The following is a thin wrapper around the random graph generators from [networkx](https://networkx.org/documentation/stable/reference/generators.html#module-networkx.generators.random_graphs) package.

In [8]:
#| export
def create_random_graph(generator:callable, obfuscate:bool=True, **kwargs):
    """Thin wrapper around networkx's random graph generator

    Args:
        generator (callable): networkx's random graph generator
        **kwargs: passed to generator
    Example:
        >>> G = create_random_graph(nx.erdos_renyi_graph, n=10, p=0.6, directed=False)
    """
    G = generator(**kwargs)
    if obfuscate:
        G = nx.relabel_nodes(G, obfuscate_nodes(G.number_of_nodes()))
    return G

In [9]:
G = create_random_graph(nx.erdos_renyi_graph, n=10, p=0.6, directed=False)

In [10]:
G.nodes()

NodeView(('LD93XCQ5OS', 'ZV29NBKL64', 'CBYHJPXKEF', 'GFEJQT1UT3', 'ARJEENQ08A', 'JBT7NVJXW5', 'PE1P3YDXL5', 'BYMXLVBB2E', 'EXR76ODCYA', 'Q54BXC0AKM'))

Create random graph and write it to the disk:

In [11]:
#| export
def create_and_save_random_graph(generator:callable,
                                 label:str,
                                 path_to:str|Path,
                                 obfuscate:bool=True,
                                 **kwargs):
    """
    Creates a random graph and saves it to path_to.

    Args:
        generator (callable): networkx's random graph generator
        obfuscate (bool, optional): if true, obfuscates node names. Defaults to True.
        path_to (str|Path, optional): path to save the graph. Defaults to None.
    
    Example:
        >>> create_random_graph_and_save(nx.erdos_renyi_graph, n=10, p=0.6, directed=False, path_to=path_data / 'synthetic' / '1.csv')
    """

    G = create_random_graph(generator=generator, obfuscate=obfuscate, **kwargs)
    edges = G.edges()
    with open(path_to, 'w', newline='') as csvfile:
        writer = csv.writer(csvfile, delimiter=' ')
        for edge in edges:
            writer.writerow([edge[0], edge[1], label])
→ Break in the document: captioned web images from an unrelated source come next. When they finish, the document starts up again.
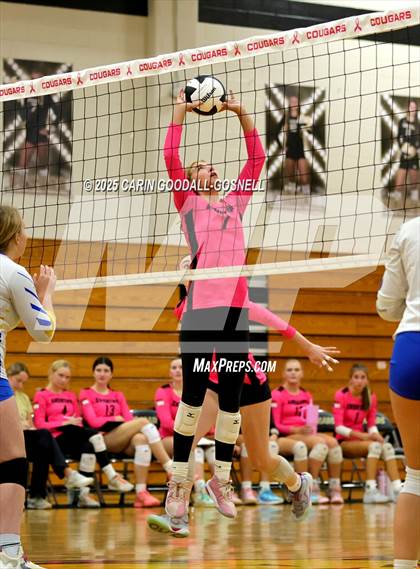 Thumbnail 2 in Richlands @ Croatan photogallery.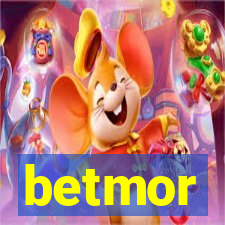 betmor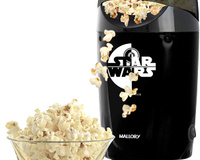 Star Wars, Mario Bros e até Mickey: 5 achados que todo jovem cozinheiro vai amar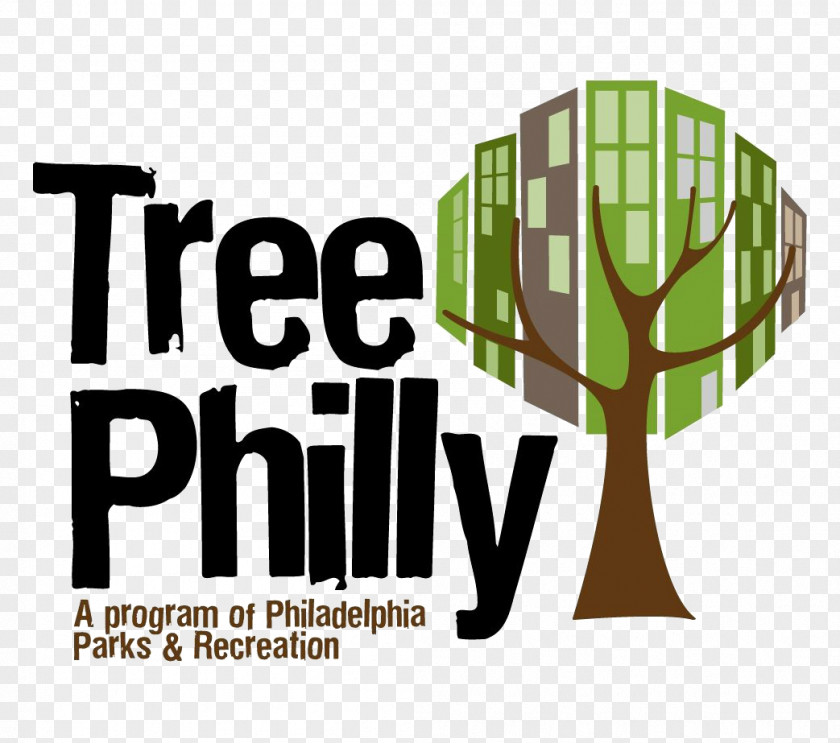 Fortnite John Wick Tree Philly Belmont Plateau Forest Logo PNG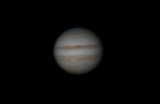 Jupiter_28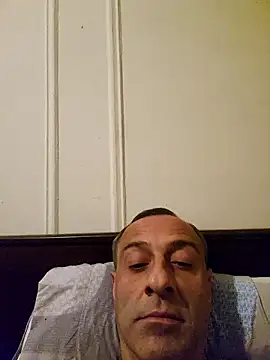 Snapshot of NY-DuDu chatting on January 10, 12:29 pm NY-DuDu online show from January 10, 12:29 pm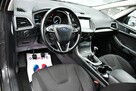 Ford S-Max 2.0 TDCi 7-osób Navi Bluetooth Nowy kpl. rozrząd, hamulce 171000km - 2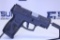 Taurus G2C 9mm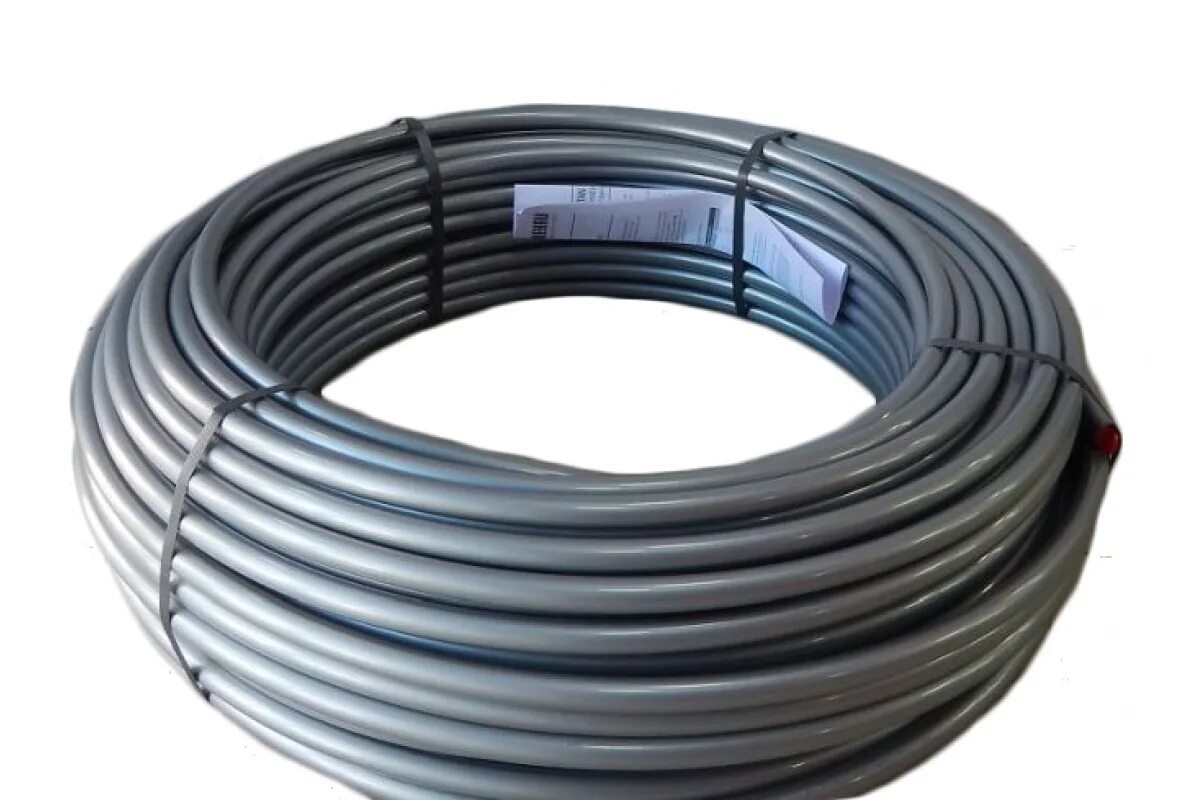 Мерилон утеплитель для труб. Труба нержавейка 32х2,5. Труба 6 2. Бухта 100м. Труба медная м1 146х23.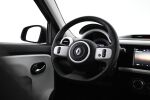musta Viistoperä, RENAULT TWINGO – VAR-T068HV, kuva 17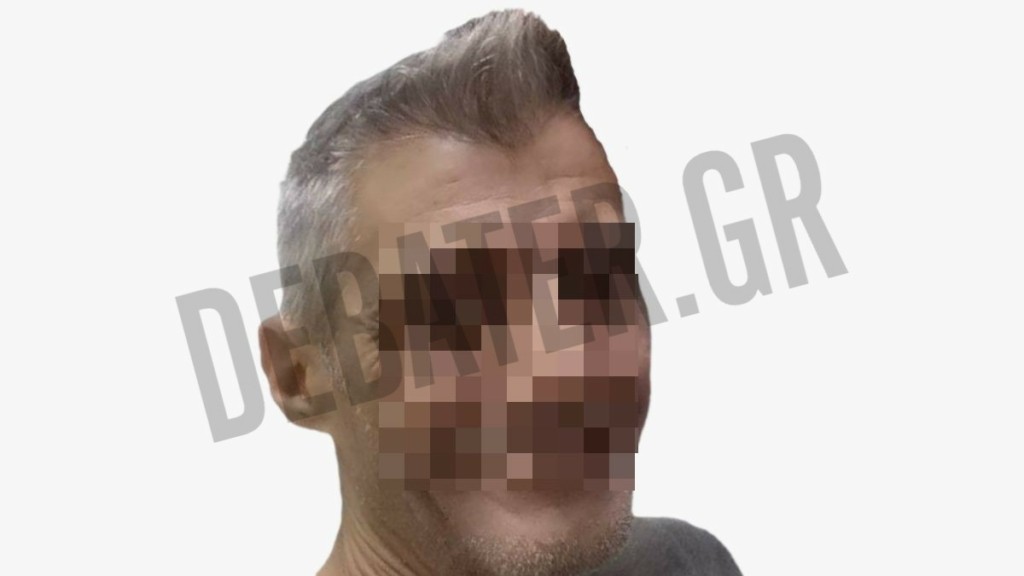 “Το παιδί δεν είναι παιχνίδι” έγραφε ο 55χρονος που ασελγούσε στις κόρες του – Οι ομοφοβικές αναρτήσεις του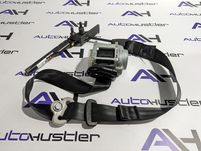 Ремень безопасности передний левый Rogue T33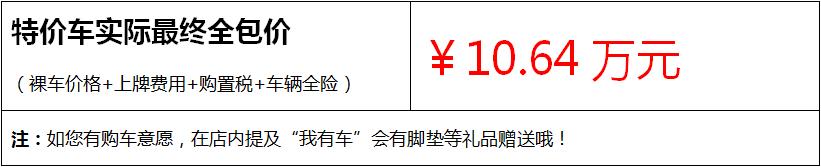 福特嘉年华1.5手动落地价,福特嘉年华出售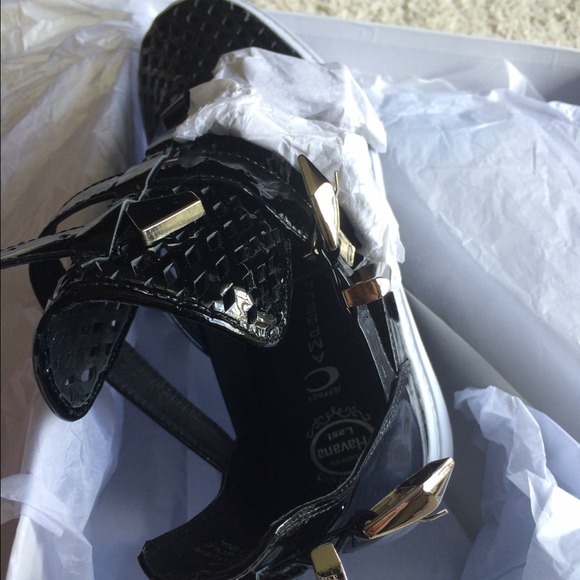 📛SOLD📛 - Picture 4 of 4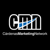 Cardenas Marketing Network [CMN] Logo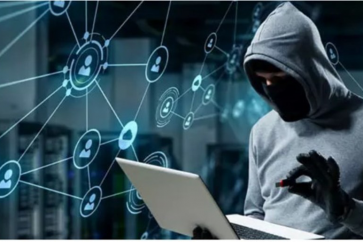 Le monde a connu une augmentation de 62 % des rançongiciels (ransomwares) depuis 2019.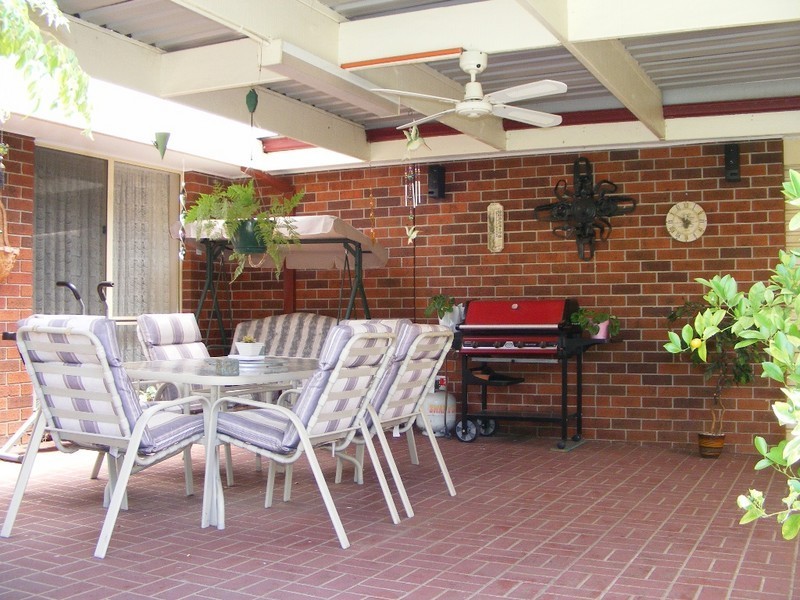 134  Maramba Drive, Narre Warren VIC 3805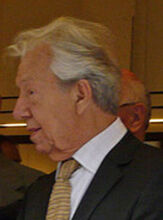 Marc Sleen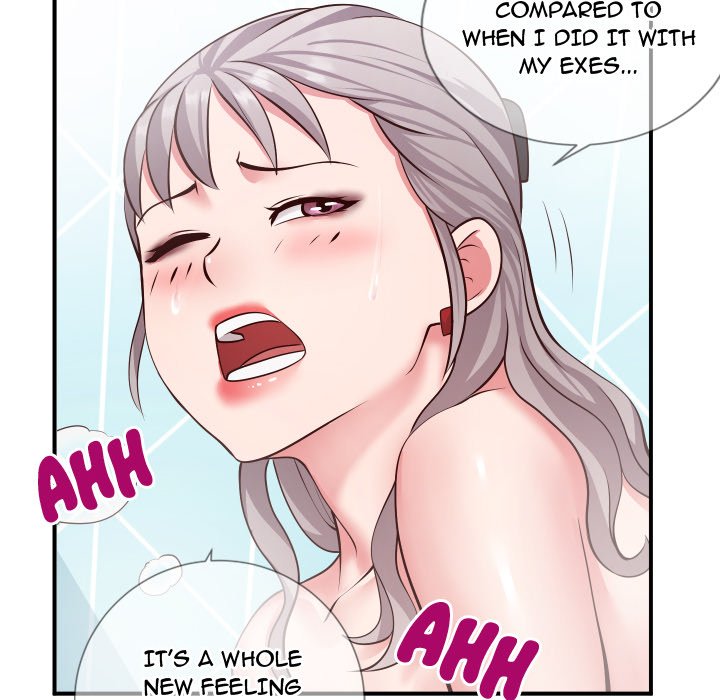 Inexperienced Chapter 10 image 88
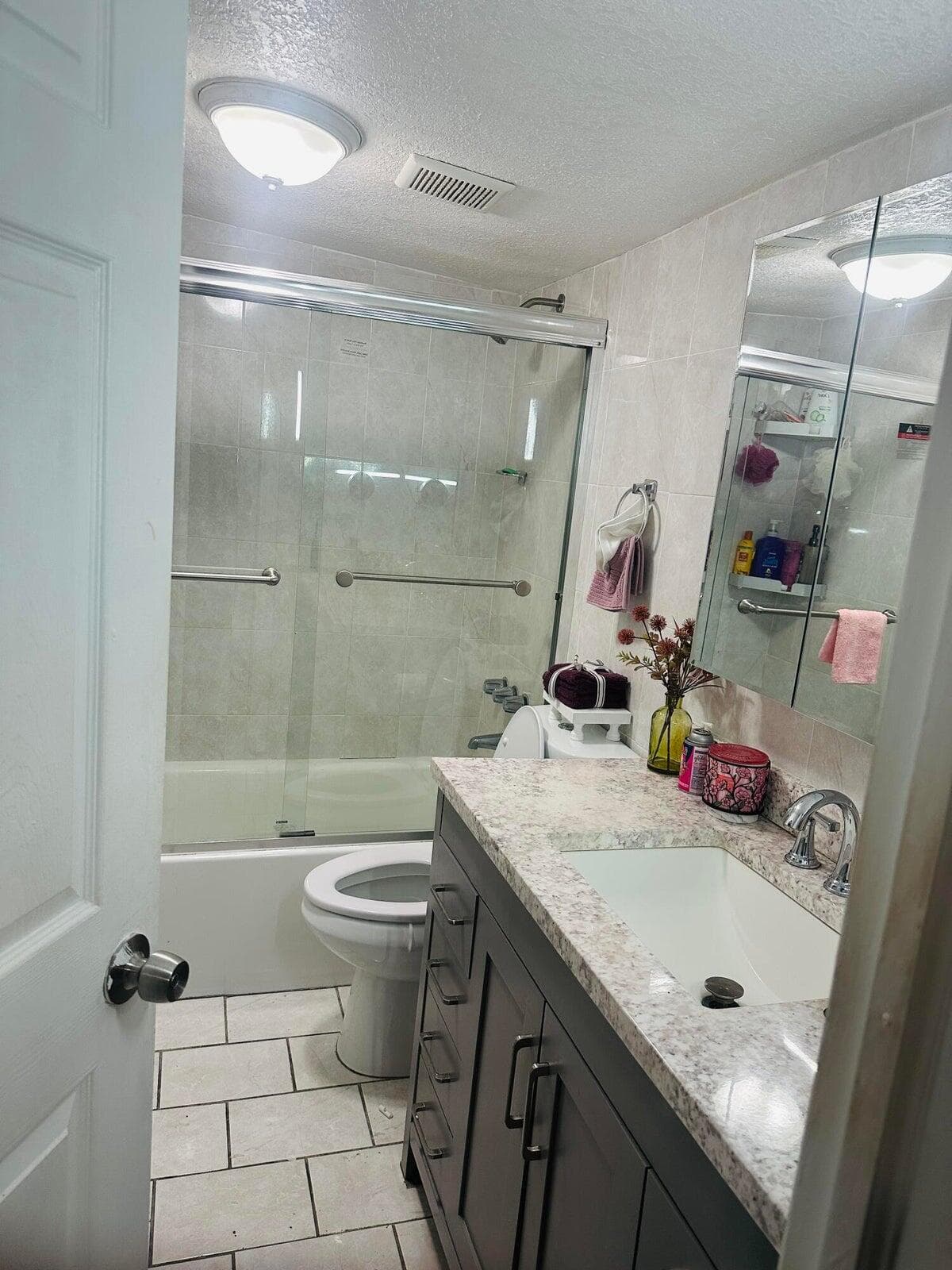 833 Briggs Street Street, West Palm Beach, FL 33405 — photo 25 of 33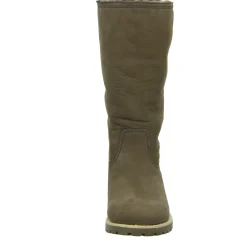 Panama Jack Langschaftstiefel Warmfutter bis 35mm Absatz (casual)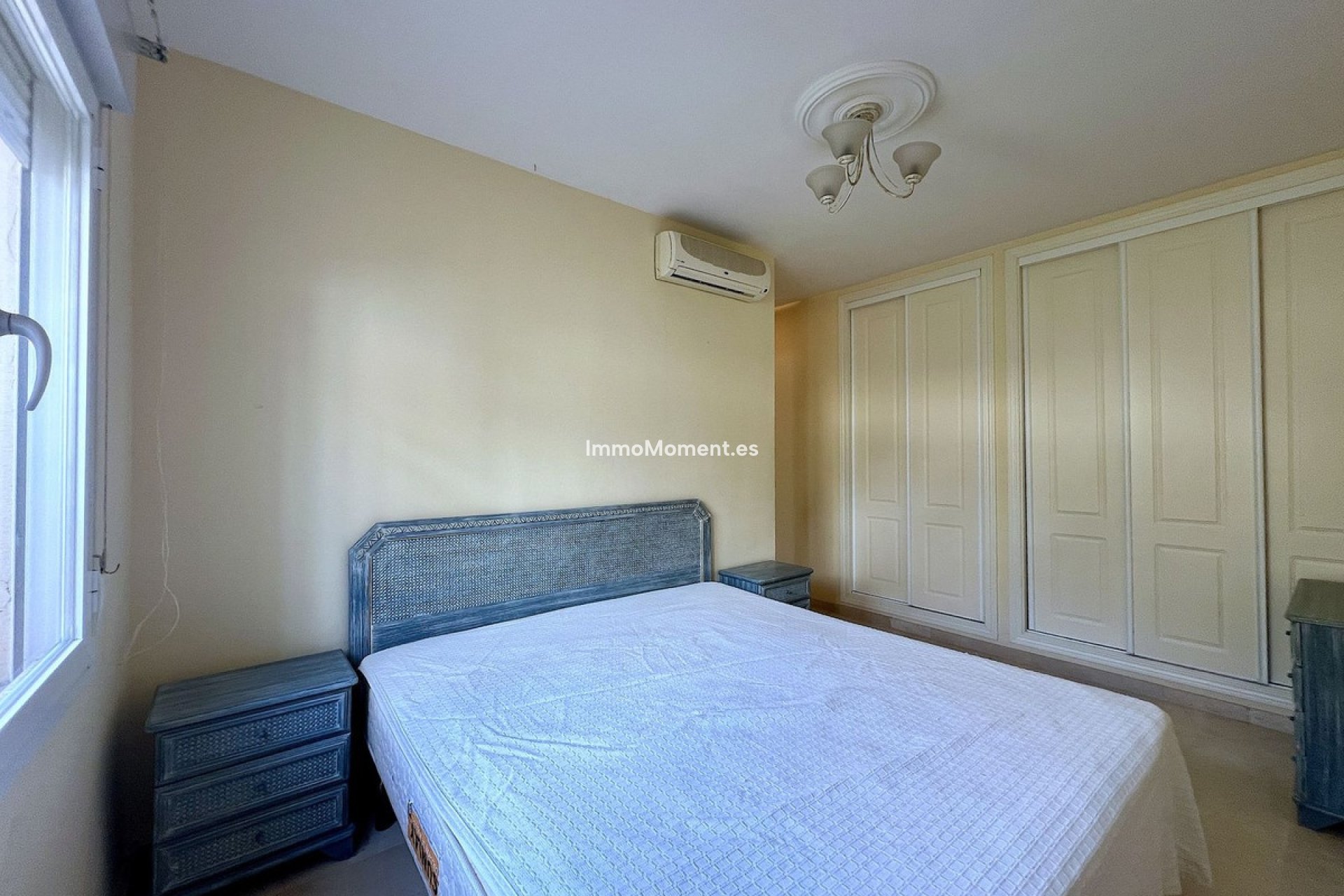 Wiederverkauf - Villa - Mijas - Riviera del Sol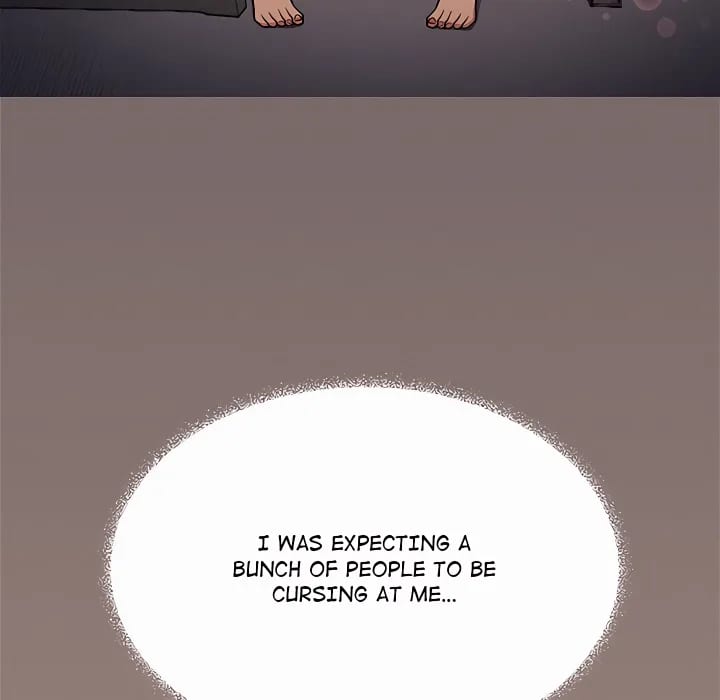Stop Smoking Uncensored, chapter 95, page 59 of 208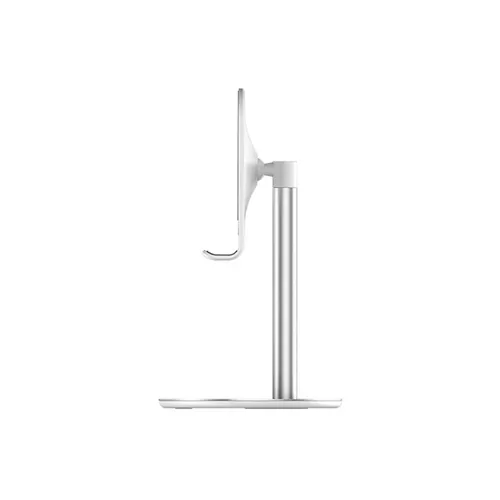 USAMS Mobile US-ZJ048 Mobile Phone Desktop Holder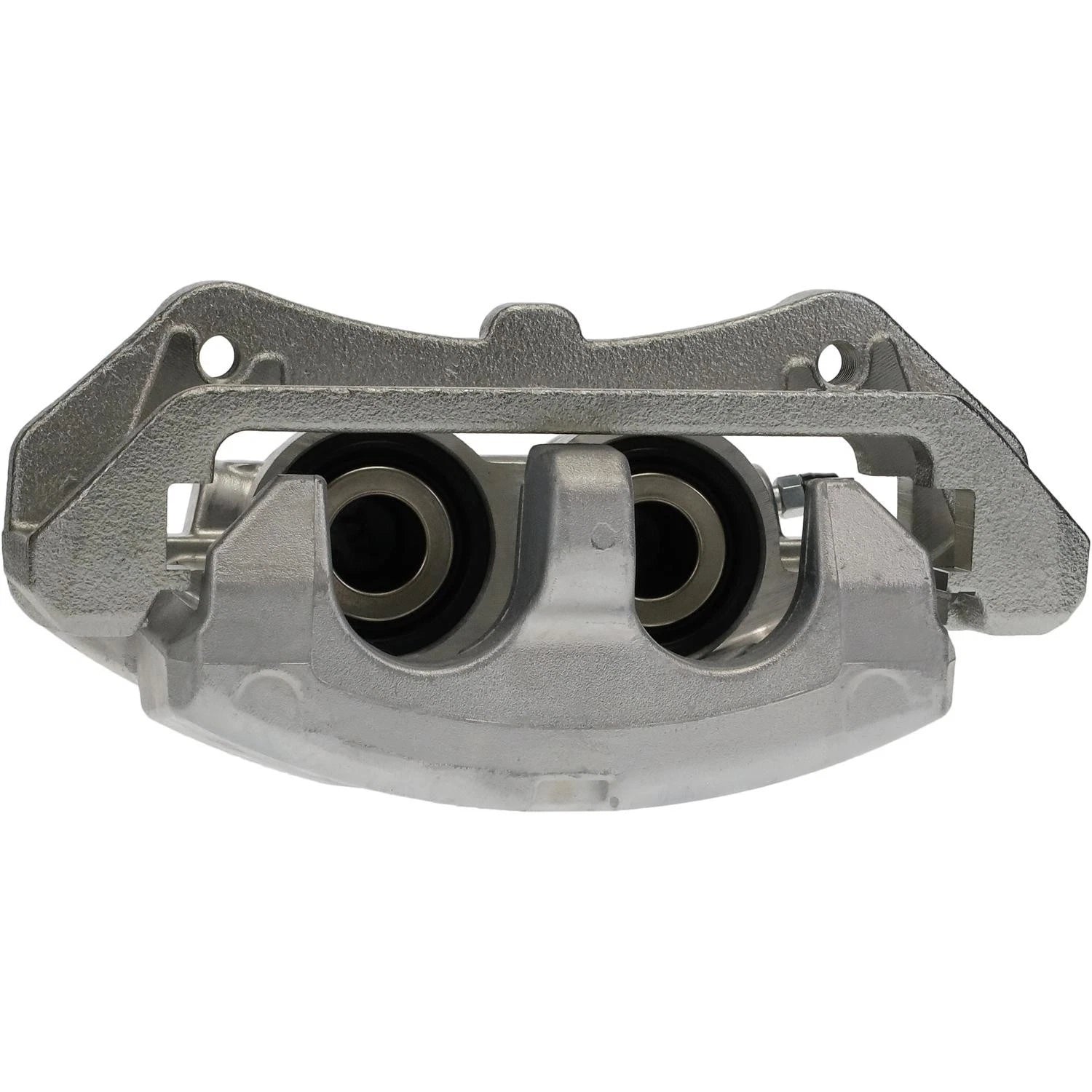 Front Left Brake Caliper for Ford (2013-2014)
Create three layers. For experiments with CmmD algorithm we need at least several hundreds of nodes to see the difference in the clustering with a variety of $\gamma$ values:

In [12]:
path_dir_to = path_data / 'synthetic'
path_dir_to.mkdir(exist_ok=True)

In [13]:
n, p, label = 300, 0.6, "first"
create_and_save_random_graph(nx.erdos_renyi_graph, label, path_dir_to / '1.csv', n=n, p=p)

n, p, label = 500, 0.4, "second"
create_and_save_random_graph(nx.erdos_renyi_graph, label, path_dir_to / '2.csv', n=n, p=p)

n, p, label = 400, 0.7, "third"
create_and_save_random_graph(nx.erdos_renyi_graph, label, path_dir_to / '3.csv', n=n, p=p)

The method above generates obfuscated graph with node labels different from layer to layer. However, for multilayer community analysis we need that at least some nodes share labels among layers.